By 1577 England was now well in the game, but the nation still hadn’t completed a full circumnavigation of the globe. Not that circumnavigation was on their minds. They wanted to get rich.
Queen Elizabeth got to devising a plan. She would partly sponsor a mission for a small fleet to pass through the Straights of Magellan in South America, and up the Pacific coast.
The fleet of five ships set out from Portsmouth in 1577 under the ruse of taking a trading mission to Egypt so that Spain wouldn’t get wind of their real plan: to raid and pirate Spanish colonies in The New World. Among those was a ship called The Pelican that would go on to be very important to this story.
And now the going gets tough. The fleet made it across the Atlantic with no small amount of drama. Half way they ran out of water – something that would be a problem later in the voyage too – and Drake was forced to put down a mutiny and break down two ships to consolidate his force.
Despite problems, the fleet made it to the Straights of Magellan and passed through them in a record 14 days, dodging whirlpools and shallow water only to run into a storm that destroyed one of the remaining ships and separated The Pelican from The Elizabeth.
The latter ship returned to England but the Pelican Pressed on alone. It was here that Drake renamed the ship The Golden Hinde in honour of his patron, Sir Christopher Hatton, whose crest was a red deer, otherwise known as, you guessed it, a hind.
On the Run
With plenty of wind in his sail (literally and metaphorically) Drake made his way up the Pacific coast of the Americas raiding towns and ships he encountered along the way until he reached either California or Oregon (the correct location is highly disputed) and settled with some natives for a while to repair The Hinde and stock up.

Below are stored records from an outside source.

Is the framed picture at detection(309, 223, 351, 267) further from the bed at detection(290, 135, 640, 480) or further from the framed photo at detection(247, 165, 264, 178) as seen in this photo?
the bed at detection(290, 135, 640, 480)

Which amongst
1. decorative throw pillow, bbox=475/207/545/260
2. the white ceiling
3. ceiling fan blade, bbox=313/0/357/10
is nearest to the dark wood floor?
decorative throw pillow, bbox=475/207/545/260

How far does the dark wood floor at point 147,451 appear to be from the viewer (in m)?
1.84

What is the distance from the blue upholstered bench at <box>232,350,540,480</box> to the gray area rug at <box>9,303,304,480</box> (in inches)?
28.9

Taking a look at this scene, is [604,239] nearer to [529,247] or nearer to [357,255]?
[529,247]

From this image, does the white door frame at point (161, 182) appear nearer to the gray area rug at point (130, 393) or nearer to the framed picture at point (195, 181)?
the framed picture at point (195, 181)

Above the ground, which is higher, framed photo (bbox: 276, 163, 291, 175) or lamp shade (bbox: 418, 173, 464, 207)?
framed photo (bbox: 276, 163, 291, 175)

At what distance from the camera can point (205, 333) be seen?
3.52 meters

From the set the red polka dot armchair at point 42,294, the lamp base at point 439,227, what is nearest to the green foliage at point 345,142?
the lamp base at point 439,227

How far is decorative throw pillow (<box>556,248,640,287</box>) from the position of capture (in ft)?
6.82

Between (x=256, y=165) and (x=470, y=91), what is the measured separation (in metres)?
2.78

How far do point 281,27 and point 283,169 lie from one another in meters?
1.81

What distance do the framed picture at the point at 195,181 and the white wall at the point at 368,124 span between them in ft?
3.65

He now had a problem. The Spanish were after him for what he’d done in the south so he couldn’t really turn back the way he came. There was no Panama Canal back then, so Drake was faced with one choice, to cross the Pacific.
This he did, ripping off a couple of local warlords in South East Asia and docking into port on the coast of Sierra Leone with only eight pints of water left for 56 men, before getting safely back to England with his booty three years after setting off.
To the Victor, the Spoils
Drake’s voyage put him in the history books. He became the third man to successfully circumnavigate the earth, though arguably the first to make it all the way round as previous missions ended in death for their captains long before the fleet made it home.

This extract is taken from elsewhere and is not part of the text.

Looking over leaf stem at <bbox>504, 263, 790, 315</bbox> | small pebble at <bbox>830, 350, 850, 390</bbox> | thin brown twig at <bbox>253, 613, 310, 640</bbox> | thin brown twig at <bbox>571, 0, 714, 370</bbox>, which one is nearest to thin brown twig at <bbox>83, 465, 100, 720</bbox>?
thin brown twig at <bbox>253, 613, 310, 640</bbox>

He also became enormously rich, from one Spanish galleon alone he’d taken the equivalent of £480m in today’s money. Queen Elizabeth’s share of the treasure was enough to pay off the entire government’s debt and then some.
The boat that made this all possible was docked in Deptford and never sailed again. Until now…
The Replica Ship
The Elizabethans weren’t as hot on preservation as we are today. The original ship rotted away many many years ago. Some smart person though, had the idea to build a replica, and it’s not without a story of its own.

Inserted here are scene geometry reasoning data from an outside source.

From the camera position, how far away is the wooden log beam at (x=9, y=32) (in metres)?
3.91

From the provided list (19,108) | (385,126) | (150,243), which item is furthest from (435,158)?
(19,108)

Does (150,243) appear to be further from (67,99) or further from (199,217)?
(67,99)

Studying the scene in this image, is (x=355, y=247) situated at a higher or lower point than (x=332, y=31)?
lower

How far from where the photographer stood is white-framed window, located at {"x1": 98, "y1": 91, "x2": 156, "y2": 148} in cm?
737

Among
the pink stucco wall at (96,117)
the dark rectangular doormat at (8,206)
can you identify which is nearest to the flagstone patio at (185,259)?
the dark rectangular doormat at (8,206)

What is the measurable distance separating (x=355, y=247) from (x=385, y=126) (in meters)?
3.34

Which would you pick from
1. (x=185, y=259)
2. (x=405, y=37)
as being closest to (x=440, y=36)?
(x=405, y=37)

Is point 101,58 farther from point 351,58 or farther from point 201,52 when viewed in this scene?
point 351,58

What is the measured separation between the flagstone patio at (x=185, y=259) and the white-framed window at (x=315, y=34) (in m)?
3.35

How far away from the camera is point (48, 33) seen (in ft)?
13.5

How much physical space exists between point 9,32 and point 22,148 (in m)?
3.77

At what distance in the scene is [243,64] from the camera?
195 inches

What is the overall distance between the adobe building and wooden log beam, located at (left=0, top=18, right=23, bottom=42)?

The one you’ll see docked near London Bridge was built from plans and was the result of three years of research and construction. The fact that you see it docked is somewhat misleading, this ship has clocked up over 140,000 miles of sea travel, even circumnavigating the globe once herself.
Her maiden voyage was in 1974, arriving in San Francisco about six months later on the 8th of May 1975. She spent several years there before sailing to Japan, and on home, in 1979.
The Golden Hinde: Practical Information
Address: St Mary Overie’s Dock, Cathedral St, London SE1 9DE
Opening Times: 10 am – 6 pm daily
Tickets: £6 for adults and children over three, or £18 for a family of four.